When you DJ in public for the first time, your gig will more than likely fall into one of three types: bar, club, or mobile. The boundaries between these broad areas are often blurred (a bar that turns into a club later on in the night, a private party in a public venue, or a DJ being booked to play a club-style mobile gig for a trendy crowd, and so on), but it’s good to consider these three types of event separately. Despite the crossover, they are distinct in many ways – not least the way in which the DJ approaches playing to the crowds.

Definitely read all of what follows, whatever type of gig you are to play, because there is valuable stuff for you to learn from any type of DJing, whether or not it’s the type you’re interested in or end up spending the majority of your DJ career doing.

How to DJ in bars

I DJed in countless bars before I managed to make a living as a club DJ. It’s an apprenticeship and an art in itself.

A bar gig will be in a venue where people come to socialise, and they usually don’t pay to get in. It could be a trendy lounge, a beach bar, a fun pub, a beer garden – anywhere where someone is playing records to replace the usual background music. It’s performing in public, but it hasn’t got the intensity of a club gig.

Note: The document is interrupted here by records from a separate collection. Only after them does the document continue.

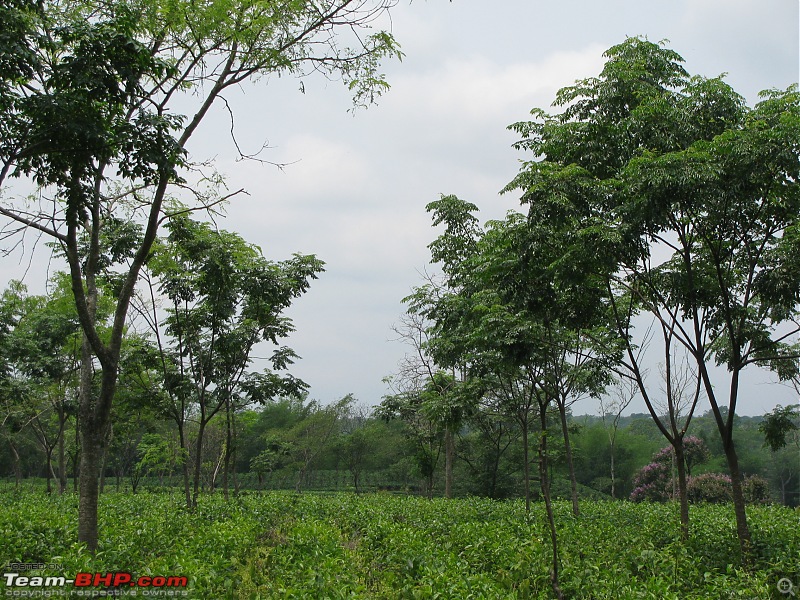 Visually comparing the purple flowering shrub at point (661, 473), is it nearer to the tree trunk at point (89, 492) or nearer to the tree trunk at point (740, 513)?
the tree trunk at point (740, 513)

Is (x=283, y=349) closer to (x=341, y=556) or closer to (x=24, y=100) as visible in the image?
(x=341, y=556)

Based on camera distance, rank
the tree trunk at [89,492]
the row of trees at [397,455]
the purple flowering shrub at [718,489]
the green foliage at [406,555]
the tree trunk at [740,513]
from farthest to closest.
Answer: the purple flowering shrub at [718,489]
the row of trees at [397,455]
the tree trunk at [740,513]
the tree trunk at [89,492]
the green foliage at [406,555]

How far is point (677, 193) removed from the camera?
769 centimetres

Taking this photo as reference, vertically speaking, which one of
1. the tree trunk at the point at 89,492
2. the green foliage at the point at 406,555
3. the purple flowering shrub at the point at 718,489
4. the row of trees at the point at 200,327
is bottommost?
the purple flowering shrub at the point at 718,489

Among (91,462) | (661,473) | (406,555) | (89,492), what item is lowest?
(661,473)

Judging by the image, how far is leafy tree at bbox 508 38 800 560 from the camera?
7.59 meters

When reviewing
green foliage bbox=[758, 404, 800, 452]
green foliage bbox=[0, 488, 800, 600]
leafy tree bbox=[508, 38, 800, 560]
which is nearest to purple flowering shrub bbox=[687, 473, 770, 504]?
green foliage bbox=[758, 404, 800, 452]

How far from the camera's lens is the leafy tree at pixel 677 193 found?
7.59 metres

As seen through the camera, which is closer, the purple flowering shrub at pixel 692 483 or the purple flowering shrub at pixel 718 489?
the purple flowering shrub at pixel 718 489

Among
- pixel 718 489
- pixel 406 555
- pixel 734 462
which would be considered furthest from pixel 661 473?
pixel 406 555

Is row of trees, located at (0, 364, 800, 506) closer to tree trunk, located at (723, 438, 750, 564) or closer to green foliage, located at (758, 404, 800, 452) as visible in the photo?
green foliage, located at (758, 404, 800, 452)

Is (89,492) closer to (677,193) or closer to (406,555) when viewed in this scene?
(406,555)

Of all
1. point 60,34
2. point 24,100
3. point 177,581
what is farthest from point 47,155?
point 177,581

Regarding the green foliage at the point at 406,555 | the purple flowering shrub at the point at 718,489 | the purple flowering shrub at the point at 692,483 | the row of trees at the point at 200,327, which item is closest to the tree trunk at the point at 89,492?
the green foliage at the point at 406,555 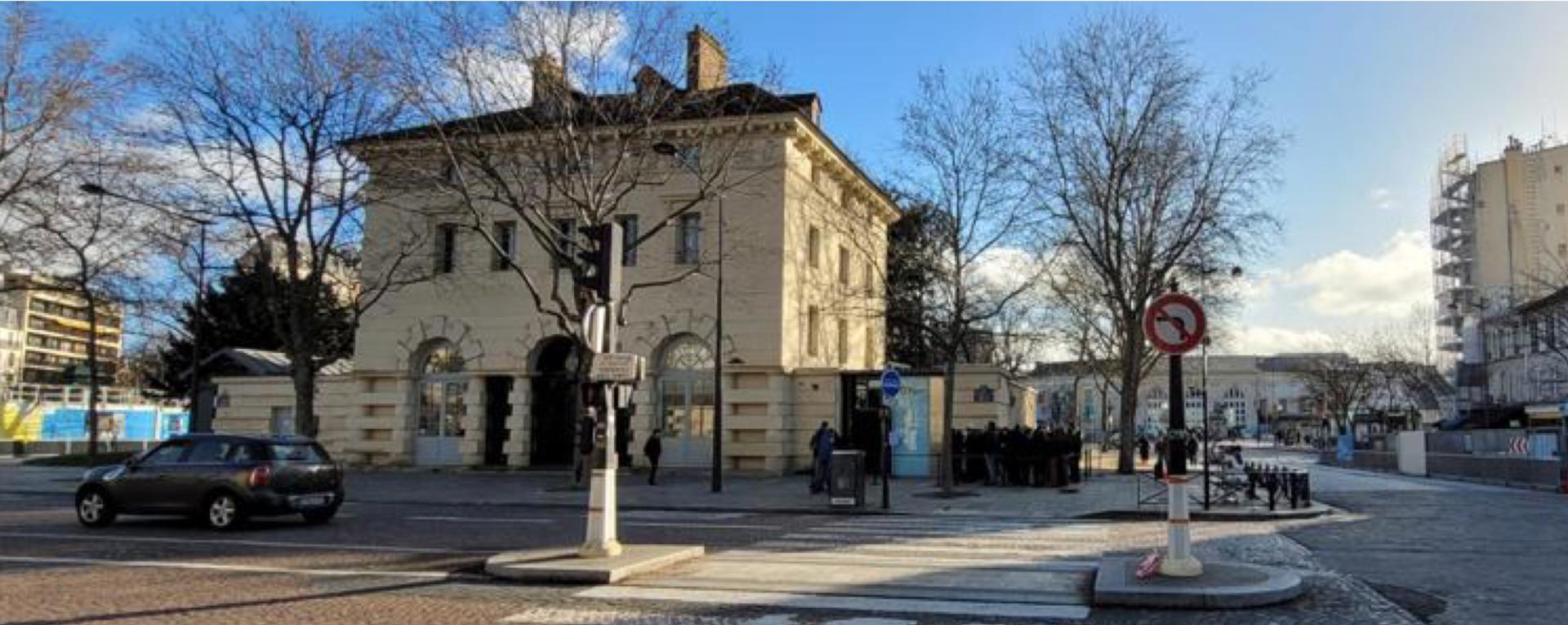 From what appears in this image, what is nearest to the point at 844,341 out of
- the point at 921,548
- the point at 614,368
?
the point at 921,548

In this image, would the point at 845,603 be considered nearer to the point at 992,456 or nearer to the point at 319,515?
the point at 319,515

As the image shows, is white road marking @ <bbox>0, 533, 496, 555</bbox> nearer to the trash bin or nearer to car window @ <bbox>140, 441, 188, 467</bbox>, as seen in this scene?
car window @ <bbox>140, 441, 188, 467</bbox>

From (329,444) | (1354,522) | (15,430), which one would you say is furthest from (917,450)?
(15,430)

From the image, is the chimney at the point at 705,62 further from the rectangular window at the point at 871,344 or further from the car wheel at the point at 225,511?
the rectangular window at the point at 871,344

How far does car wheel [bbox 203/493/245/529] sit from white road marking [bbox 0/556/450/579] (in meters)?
3.41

When you’re DJing in a bar, it is important to remember that you’re setting the mood for the patrons, most of whom probably haven’t come specifically to hear your DJ set. You’ll be louder than the usual background music, but not massively so, and people will expect to be able to hold a conversation even when you’re in full swing. The biggest trick when DJing this type of venue is, in both volume and musical style, to walk this line skilfully: be noticeable, but not overly so. Don’t expect huge responses or packed dancefloors; you’re looking for smiles, feet tapping, heads nodding. Your job is to add a human element to what would normally be playing in the background at the venue, delivering just enough of something extra that people say, ‘Hey, it’s good here! let’s buy another round of drinks…’

But as well as the constraints, you have freedom. To start with, you’re usually playing the whole night, not just a pre- determined (and often short) time slot as tends to be the case in clubs. You don’t have to fill a dancefloor and keep everyone there, which means you can play a broader choice of music. Bar gigs – especially when you’re playing to a ‘clubbier’ crowd, maybe in an urban venue where people move on to clubs later on – are a good place to try out music you wouldn’t dare play at peak-time in a packed club, or music you love but that isn’t hugely dancefloor- oriented (after all, there is much more music you can dance to out there than dance music, whatever the latter means for you and your crowds).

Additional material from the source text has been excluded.